[Start of section]

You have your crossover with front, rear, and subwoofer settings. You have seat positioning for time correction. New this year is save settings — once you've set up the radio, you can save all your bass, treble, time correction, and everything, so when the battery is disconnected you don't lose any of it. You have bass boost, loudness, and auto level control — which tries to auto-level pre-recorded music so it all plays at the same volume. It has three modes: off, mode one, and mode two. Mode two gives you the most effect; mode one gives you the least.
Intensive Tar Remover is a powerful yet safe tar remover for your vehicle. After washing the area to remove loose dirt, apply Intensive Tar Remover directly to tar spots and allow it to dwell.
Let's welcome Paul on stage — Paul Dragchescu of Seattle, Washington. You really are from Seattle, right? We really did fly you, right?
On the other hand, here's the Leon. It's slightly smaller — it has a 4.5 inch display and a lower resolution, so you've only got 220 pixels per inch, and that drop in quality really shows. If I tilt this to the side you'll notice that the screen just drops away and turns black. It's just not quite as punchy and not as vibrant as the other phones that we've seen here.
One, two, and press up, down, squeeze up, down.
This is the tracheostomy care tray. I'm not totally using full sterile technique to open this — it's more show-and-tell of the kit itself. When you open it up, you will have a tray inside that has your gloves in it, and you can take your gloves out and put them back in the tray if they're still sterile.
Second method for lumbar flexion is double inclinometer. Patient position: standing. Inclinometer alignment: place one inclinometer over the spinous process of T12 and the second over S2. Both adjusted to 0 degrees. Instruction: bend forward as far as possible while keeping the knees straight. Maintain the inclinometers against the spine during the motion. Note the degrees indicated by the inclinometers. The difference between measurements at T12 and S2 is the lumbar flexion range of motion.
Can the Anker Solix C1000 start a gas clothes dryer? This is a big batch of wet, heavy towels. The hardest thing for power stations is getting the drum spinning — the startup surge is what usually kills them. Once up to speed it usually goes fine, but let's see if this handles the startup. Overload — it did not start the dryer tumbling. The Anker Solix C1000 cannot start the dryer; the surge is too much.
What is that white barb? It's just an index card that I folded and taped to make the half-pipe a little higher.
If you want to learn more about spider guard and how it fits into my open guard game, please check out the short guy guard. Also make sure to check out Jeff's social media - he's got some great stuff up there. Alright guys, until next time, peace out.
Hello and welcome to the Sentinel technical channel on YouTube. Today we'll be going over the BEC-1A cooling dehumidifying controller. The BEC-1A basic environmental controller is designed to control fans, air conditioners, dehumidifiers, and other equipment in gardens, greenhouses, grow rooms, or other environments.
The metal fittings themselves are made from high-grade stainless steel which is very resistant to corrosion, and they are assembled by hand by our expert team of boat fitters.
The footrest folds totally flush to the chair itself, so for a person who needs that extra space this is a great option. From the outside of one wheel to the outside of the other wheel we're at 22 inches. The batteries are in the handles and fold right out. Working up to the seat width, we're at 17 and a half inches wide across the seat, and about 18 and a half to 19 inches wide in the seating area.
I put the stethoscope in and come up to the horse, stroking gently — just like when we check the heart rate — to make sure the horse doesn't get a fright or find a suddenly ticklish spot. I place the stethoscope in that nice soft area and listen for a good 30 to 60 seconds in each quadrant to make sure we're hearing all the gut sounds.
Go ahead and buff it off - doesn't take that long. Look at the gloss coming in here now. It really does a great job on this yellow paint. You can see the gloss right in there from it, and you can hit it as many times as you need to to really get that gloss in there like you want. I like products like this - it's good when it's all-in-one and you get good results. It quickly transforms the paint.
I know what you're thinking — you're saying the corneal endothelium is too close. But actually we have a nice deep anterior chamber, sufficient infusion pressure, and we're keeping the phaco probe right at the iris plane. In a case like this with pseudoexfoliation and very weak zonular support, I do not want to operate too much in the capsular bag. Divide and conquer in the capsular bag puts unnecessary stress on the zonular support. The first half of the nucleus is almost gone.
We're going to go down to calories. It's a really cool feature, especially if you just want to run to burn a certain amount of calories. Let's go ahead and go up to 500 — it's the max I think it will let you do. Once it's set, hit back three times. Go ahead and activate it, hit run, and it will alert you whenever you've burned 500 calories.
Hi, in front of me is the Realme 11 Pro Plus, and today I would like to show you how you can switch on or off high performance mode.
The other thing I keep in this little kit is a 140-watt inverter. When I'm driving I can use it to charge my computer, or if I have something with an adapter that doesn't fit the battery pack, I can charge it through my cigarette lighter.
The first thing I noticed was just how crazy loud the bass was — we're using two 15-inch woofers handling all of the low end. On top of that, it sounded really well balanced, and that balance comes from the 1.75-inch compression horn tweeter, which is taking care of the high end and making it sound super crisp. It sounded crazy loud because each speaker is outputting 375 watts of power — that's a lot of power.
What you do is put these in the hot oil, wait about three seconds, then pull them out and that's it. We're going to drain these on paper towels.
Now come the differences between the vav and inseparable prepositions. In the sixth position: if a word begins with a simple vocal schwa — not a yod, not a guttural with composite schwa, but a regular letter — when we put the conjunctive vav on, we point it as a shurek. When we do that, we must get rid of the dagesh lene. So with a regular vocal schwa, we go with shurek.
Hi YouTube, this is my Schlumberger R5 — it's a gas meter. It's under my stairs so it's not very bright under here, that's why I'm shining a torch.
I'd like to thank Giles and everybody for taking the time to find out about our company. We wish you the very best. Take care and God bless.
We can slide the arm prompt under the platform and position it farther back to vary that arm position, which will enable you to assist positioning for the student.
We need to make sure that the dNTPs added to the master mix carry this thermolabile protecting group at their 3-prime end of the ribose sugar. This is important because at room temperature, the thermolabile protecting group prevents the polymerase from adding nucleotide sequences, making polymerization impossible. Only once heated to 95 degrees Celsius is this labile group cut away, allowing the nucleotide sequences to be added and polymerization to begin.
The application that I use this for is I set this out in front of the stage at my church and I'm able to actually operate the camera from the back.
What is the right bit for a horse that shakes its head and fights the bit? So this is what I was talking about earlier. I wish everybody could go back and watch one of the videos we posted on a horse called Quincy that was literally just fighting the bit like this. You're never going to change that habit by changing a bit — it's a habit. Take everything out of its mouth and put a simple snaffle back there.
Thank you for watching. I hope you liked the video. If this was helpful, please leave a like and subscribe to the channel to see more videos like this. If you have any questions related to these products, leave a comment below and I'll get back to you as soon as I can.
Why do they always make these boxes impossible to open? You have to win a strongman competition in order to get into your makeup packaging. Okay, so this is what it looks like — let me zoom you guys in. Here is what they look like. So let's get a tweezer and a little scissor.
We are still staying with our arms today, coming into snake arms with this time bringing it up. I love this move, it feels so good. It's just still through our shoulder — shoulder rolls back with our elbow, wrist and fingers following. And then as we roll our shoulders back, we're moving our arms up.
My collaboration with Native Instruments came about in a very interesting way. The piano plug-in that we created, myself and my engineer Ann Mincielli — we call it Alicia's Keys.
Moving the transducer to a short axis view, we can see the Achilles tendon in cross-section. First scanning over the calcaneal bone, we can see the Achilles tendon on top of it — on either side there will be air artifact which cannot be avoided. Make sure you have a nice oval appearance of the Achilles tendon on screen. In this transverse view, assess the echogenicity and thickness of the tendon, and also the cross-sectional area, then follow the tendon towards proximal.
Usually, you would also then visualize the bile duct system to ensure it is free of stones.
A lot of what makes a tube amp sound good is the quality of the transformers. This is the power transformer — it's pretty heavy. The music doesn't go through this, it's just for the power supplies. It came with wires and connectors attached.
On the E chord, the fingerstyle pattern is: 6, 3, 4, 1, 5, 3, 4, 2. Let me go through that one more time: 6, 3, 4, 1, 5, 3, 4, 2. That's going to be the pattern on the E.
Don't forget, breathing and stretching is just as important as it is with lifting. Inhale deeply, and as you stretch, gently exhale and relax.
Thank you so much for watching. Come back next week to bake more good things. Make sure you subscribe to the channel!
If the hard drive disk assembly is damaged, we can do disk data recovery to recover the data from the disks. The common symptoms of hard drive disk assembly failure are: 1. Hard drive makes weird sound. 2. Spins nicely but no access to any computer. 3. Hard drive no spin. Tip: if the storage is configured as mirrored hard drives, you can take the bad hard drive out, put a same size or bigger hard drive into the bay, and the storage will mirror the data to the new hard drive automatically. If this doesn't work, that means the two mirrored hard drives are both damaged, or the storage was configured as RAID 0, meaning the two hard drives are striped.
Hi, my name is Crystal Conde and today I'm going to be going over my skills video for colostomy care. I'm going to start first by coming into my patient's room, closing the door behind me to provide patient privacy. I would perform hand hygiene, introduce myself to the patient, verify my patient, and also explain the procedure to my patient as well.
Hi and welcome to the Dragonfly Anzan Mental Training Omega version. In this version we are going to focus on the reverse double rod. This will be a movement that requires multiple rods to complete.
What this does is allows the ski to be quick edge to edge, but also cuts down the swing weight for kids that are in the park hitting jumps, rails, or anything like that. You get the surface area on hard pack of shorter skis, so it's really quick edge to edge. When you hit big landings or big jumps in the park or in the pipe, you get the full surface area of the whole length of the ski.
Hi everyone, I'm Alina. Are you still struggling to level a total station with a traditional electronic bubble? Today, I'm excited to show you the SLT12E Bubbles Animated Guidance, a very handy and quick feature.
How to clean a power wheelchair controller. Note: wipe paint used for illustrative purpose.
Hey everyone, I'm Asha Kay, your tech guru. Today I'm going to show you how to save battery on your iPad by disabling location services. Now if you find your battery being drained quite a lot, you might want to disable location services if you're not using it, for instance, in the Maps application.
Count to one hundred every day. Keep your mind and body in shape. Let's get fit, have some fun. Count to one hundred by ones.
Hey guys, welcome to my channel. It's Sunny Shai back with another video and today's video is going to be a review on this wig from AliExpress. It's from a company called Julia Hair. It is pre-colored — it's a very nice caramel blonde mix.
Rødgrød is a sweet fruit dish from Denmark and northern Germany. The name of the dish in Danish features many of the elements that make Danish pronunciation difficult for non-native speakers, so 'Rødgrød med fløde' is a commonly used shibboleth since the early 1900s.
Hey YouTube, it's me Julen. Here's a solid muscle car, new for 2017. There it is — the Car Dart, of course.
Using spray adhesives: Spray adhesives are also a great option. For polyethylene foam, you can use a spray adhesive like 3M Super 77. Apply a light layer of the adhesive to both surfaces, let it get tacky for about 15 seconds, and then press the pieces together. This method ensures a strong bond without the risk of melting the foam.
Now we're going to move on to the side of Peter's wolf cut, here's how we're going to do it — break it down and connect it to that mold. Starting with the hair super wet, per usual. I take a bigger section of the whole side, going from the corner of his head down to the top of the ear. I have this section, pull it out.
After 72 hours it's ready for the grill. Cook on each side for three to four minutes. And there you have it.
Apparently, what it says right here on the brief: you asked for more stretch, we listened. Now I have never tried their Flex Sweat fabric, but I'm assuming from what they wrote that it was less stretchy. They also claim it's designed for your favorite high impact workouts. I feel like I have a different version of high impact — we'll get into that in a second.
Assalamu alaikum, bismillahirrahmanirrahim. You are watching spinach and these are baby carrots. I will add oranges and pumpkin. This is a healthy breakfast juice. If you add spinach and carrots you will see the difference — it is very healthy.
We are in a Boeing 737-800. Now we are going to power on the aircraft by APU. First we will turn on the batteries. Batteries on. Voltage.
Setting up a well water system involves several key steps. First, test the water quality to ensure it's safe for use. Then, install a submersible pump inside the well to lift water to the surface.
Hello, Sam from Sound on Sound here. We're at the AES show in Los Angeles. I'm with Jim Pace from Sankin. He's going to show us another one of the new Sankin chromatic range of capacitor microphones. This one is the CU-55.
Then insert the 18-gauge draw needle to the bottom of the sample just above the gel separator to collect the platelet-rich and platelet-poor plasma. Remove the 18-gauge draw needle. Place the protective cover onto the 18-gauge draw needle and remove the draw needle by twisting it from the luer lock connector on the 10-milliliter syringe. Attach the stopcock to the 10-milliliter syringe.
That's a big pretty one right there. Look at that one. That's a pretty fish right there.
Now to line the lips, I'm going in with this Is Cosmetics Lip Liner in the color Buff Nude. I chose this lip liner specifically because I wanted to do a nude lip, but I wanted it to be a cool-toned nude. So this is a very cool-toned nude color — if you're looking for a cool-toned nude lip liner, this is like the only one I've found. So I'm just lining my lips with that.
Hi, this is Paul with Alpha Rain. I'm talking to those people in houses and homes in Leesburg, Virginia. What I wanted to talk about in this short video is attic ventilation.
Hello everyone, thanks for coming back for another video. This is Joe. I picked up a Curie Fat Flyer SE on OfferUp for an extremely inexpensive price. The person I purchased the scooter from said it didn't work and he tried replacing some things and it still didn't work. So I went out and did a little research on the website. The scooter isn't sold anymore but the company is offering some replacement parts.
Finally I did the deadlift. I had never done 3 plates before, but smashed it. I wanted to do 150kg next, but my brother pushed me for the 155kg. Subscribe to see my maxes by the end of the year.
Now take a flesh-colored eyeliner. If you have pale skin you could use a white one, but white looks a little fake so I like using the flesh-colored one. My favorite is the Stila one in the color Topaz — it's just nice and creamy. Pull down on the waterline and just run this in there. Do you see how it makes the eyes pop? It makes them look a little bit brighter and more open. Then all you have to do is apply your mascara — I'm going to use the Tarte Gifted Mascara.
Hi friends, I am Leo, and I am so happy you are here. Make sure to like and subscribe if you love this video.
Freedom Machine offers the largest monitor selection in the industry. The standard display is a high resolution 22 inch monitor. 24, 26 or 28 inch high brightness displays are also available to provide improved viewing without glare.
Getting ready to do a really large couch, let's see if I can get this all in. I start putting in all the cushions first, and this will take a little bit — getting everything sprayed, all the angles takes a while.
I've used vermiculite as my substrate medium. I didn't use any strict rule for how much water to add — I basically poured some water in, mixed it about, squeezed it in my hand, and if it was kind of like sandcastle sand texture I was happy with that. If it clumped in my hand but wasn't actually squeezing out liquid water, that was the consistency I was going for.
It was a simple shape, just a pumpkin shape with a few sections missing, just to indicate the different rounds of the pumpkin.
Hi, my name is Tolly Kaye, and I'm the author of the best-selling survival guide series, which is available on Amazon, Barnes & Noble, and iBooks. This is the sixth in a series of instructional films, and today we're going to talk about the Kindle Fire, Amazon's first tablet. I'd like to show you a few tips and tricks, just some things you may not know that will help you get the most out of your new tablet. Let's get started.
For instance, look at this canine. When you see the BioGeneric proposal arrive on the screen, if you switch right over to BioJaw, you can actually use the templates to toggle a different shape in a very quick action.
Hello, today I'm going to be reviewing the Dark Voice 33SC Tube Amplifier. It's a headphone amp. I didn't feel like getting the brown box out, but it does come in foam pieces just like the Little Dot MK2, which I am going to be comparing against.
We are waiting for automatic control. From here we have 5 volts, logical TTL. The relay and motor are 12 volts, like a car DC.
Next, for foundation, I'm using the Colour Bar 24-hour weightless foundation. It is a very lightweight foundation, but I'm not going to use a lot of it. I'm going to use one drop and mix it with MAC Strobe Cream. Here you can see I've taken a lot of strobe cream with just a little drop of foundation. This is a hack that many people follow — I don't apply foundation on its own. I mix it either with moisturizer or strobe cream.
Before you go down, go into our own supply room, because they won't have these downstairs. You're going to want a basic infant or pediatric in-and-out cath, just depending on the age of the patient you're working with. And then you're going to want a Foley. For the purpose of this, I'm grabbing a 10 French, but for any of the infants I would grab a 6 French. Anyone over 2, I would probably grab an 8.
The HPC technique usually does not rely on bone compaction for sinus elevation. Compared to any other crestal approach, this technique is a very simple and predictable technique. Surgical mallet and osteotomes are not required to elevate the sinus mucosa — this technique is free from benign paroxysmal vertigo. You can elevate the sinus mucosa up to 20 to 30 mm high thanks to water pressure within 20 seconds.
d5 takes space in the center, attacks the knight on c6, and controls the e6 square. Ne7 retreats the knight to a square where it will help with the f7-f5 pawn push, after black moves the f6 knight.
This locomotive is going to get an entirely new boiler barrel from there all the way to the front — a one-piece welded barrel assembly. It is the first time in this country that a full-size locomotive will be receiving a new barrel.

[End of section]

» **WORK ITEM**: Could you restate, word for word, the lines above from the one with "Hi YouTube, this" to the one with "I'd like to thank", both included?

» **SOLUTION TO THIS EXERCISE**:
Hi YouTube, this is my Schlumberger R5 — it's a gas meter. It's under my stairs so it's not very bright under here, that's why I'm shining a torch.
I'd like to thank Giles and everybody for taking the time to find out about our company. We wish you the very best. Take care and God bless.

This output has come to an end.